* [Task goal] Retype the records below exactly as given, but only from the first line through the line with "Καφέ μπουφάν από", and without the pictures.
Material shown section start
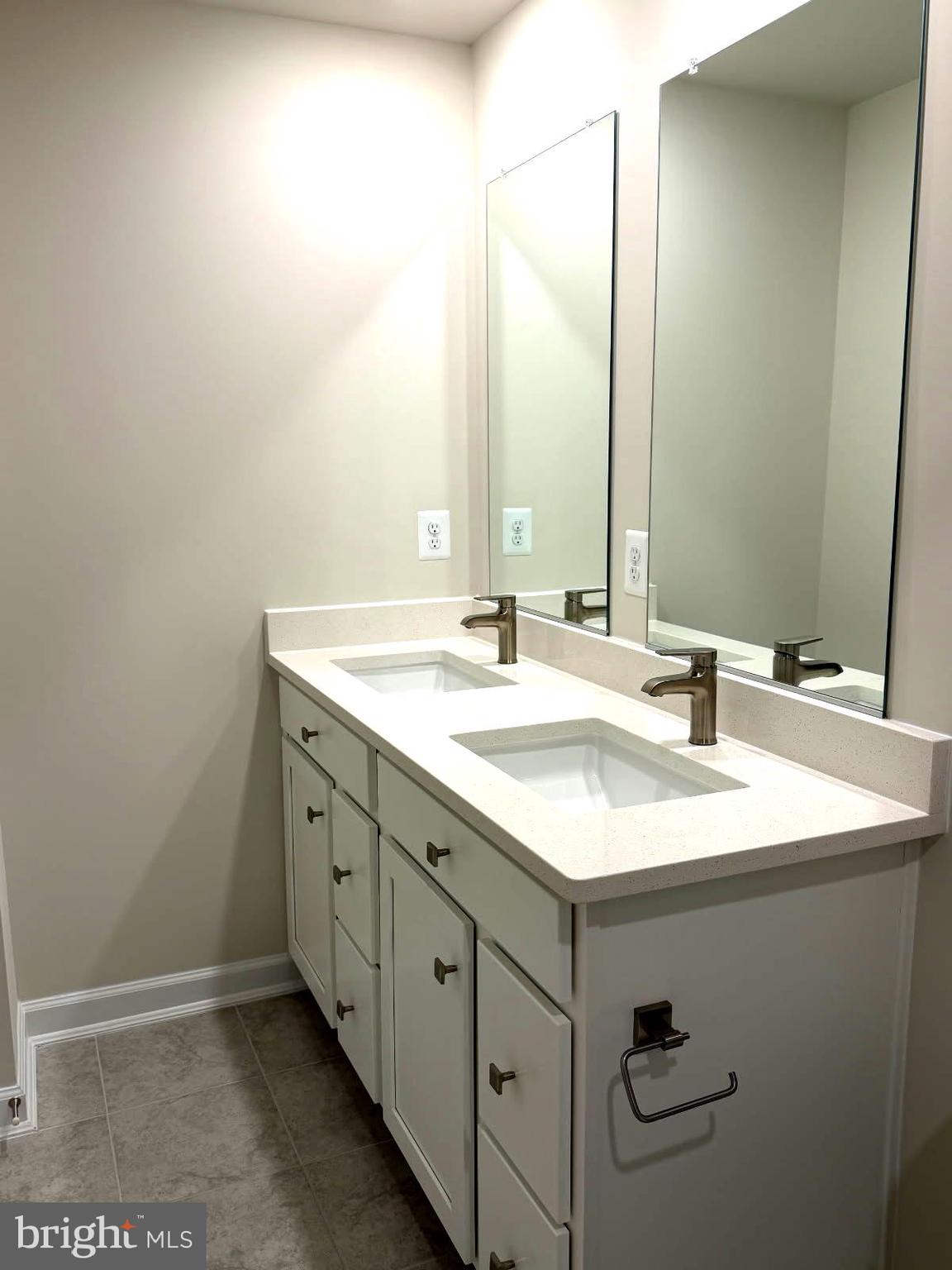 21789 Express Terrace Ashburn, VA 20147 - Photo 21 of 36 a bathroom with a sink and a mirror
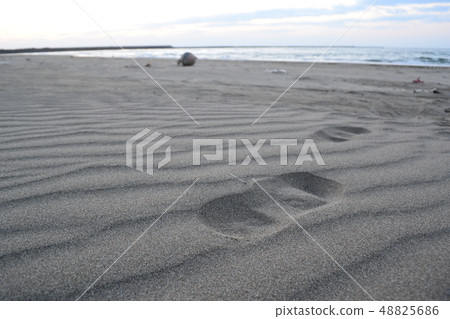 Sandy beach with footprints Sandy beach with footprints 48825686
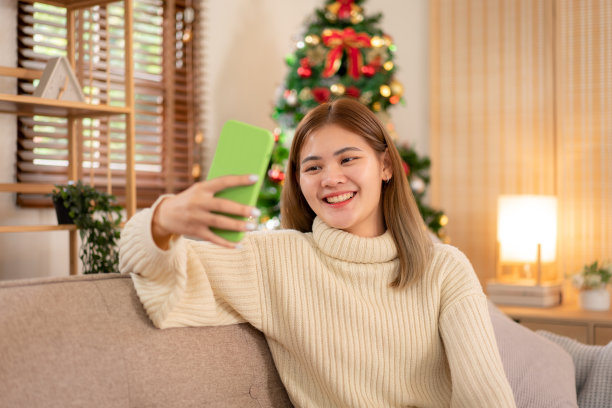 年轻的亚洲女子穿着毛衣，微笑着坐着放松，用智能手机拍照图片下载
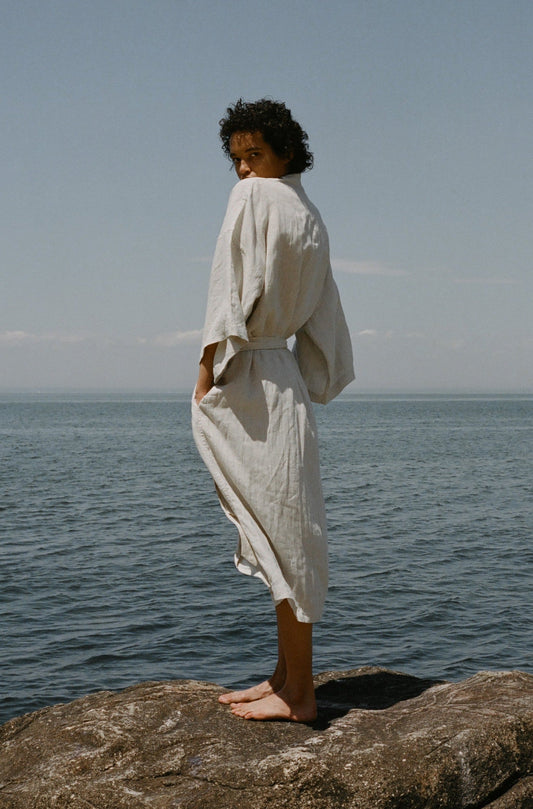 Female model standing on rock wearing the 02 robe - oatmeal by Deiji Studios against ocean horizon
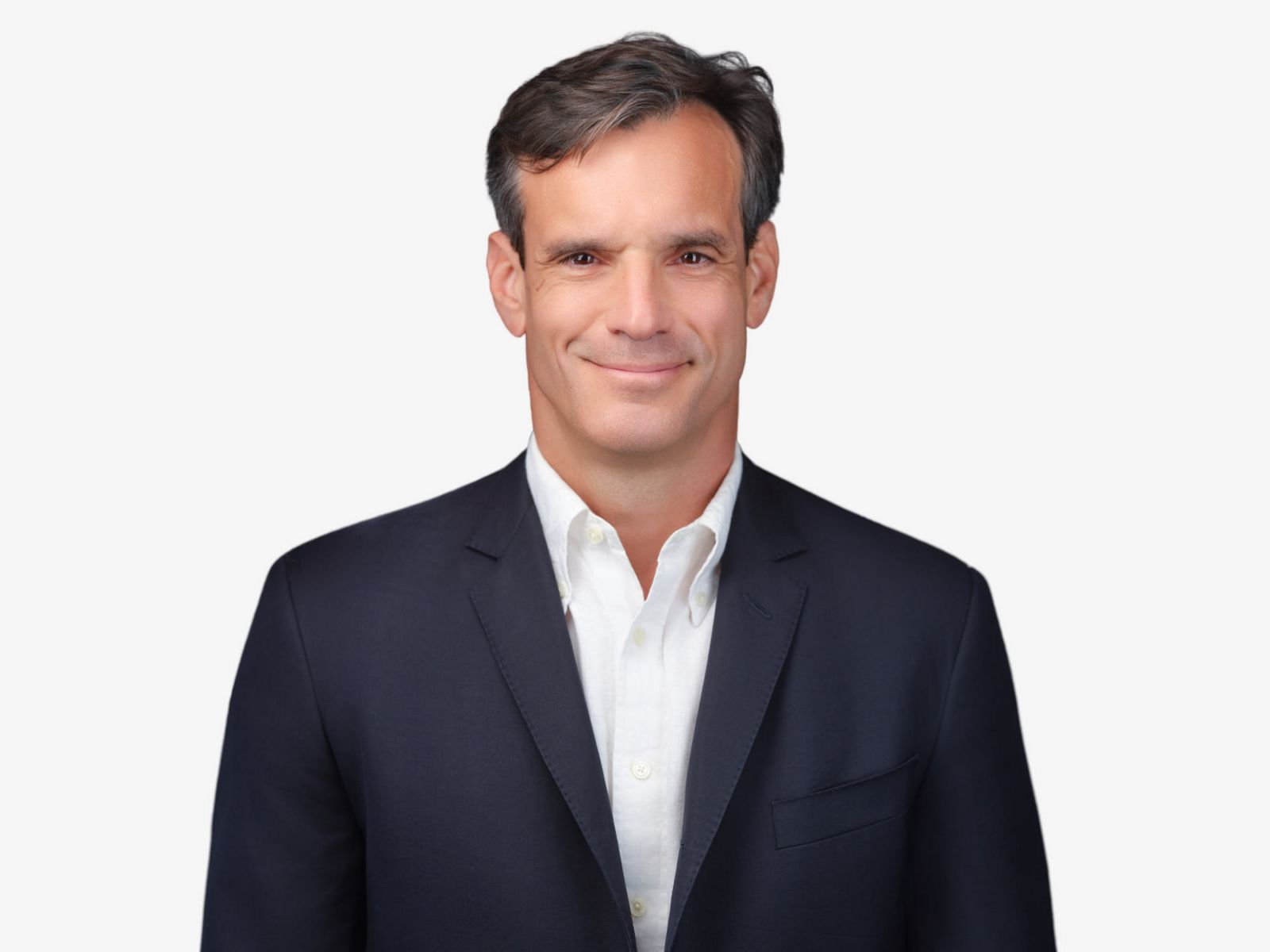 A man with dark hair, wearing a dark suit and white shirt, smiling against a plain light background.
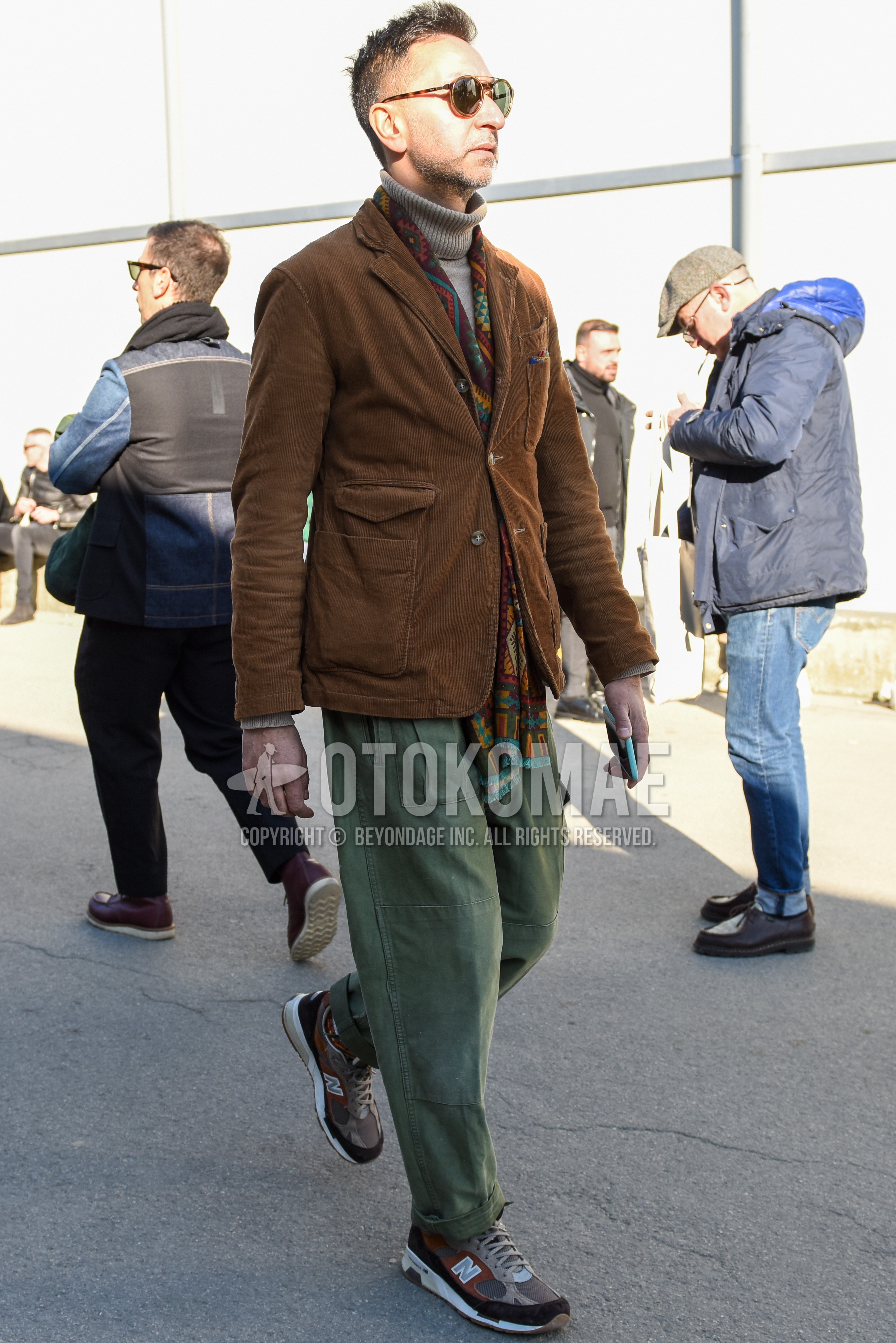 Men's spring autumn outfit with brown tortoiseshell sunglasses, brown scarf scarf, brown plain chester coat, beige plain turtleneck knit, olive green plain chinos, beige brown low-cut sneakers.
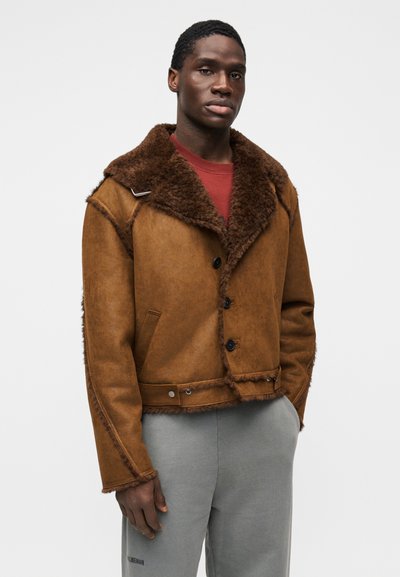 Καφέ μπουφάν από shearling με μεγάλο γιακά, κλείσιμο με κουμπιά και φθαρμένες άκρες· φορεμένο πάνω από κόκκινο πουκάμισο και γκρι φόρμες.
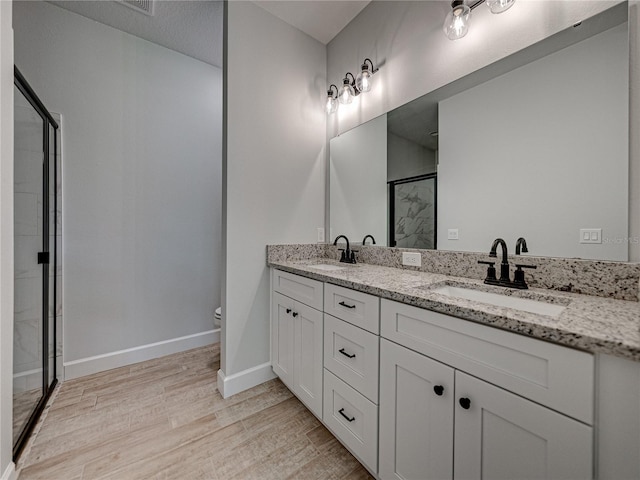 bathroom featuring double sink vanity, a shower with shower door, hardwood / wood-style flooring, and toilet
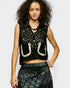Woman wearing a black lace top with cut-out design on a plain background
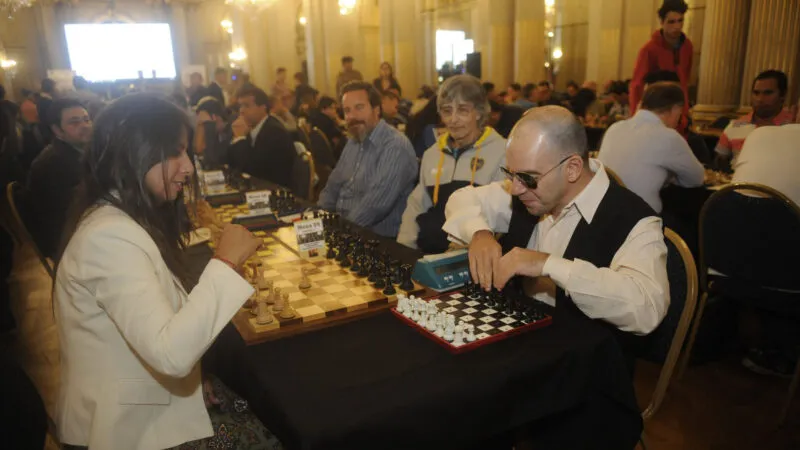 José Luis López reproduce la jugada en su tablero adaptado bajo la mirada de otros competidores y la organizadora Elisa Maggiolo, en el torneo que se disputa en la Legislatura porteña (Foto Dino Calvo)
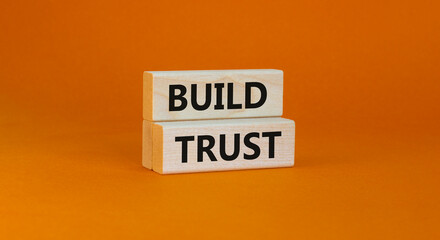 Build trust symbol. Concept words Build trust on wooden blocks on a beautiful orange table orange background. Business and build trust concept, copy space.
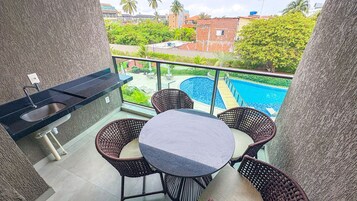 A balcony with a pool, outdoor furniture, and a view of buildings.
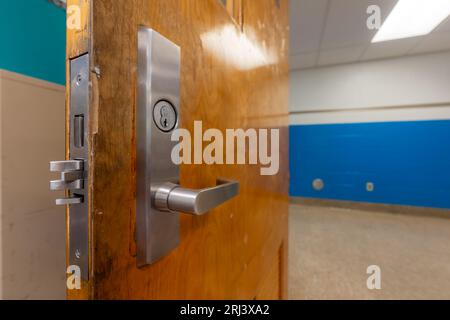 Ouvrez la porte de la salle de classe avec une nouvelle quincaillerie de porte avec des verrous de sécurité pour un verrouillage. Banque D'Images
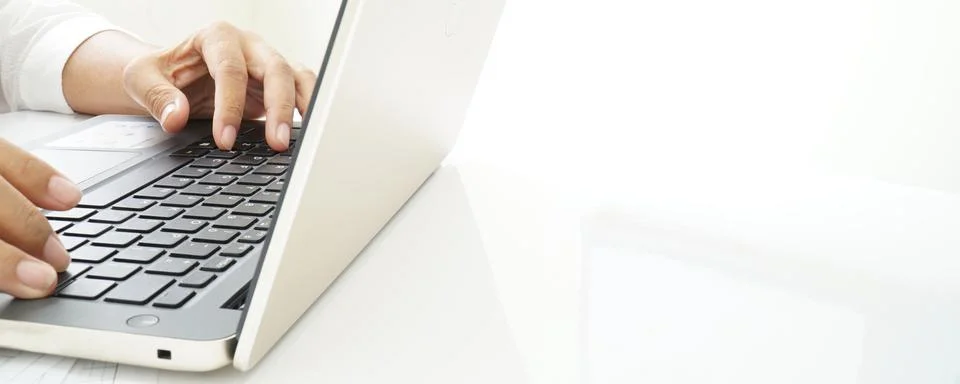 A person using a laptop computer. Stock Photos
Material shown section end
* [Answer section]
 21789 Express Terrace Ashburn, VA 20147 - Photo 21 of 36 a bathroom with a sink and a mirror
 Sandy beach with footprints Sandy beach with footprints 48825686
 年轻的亚洲女子穿着毛衣，微笑着坐着放松，用智能手机拍照图片下载
 Female model standing on rock wearing the 02 robe - oatmeal by Deiji Studios against ocean horizon
 A man with dark hair, wearing a dark suit and white shirt, smiling against a plain light background.
 Men's spring autumn outfit with brown tortoiseshell sunglasses, brown scarf scarf, brown plain chester coat, beige plain turtleneck knit, olive green plain chinos, beige brown low-cut sneakers.
 Καφέ μπουφάν από shearling με μεγάλο γιακά, κλείσιμο με κουμπιά και φθαρμένες άκρες· φορεμένο πάνω από κόκκινο πουκάμισο και γκρι φόρμες.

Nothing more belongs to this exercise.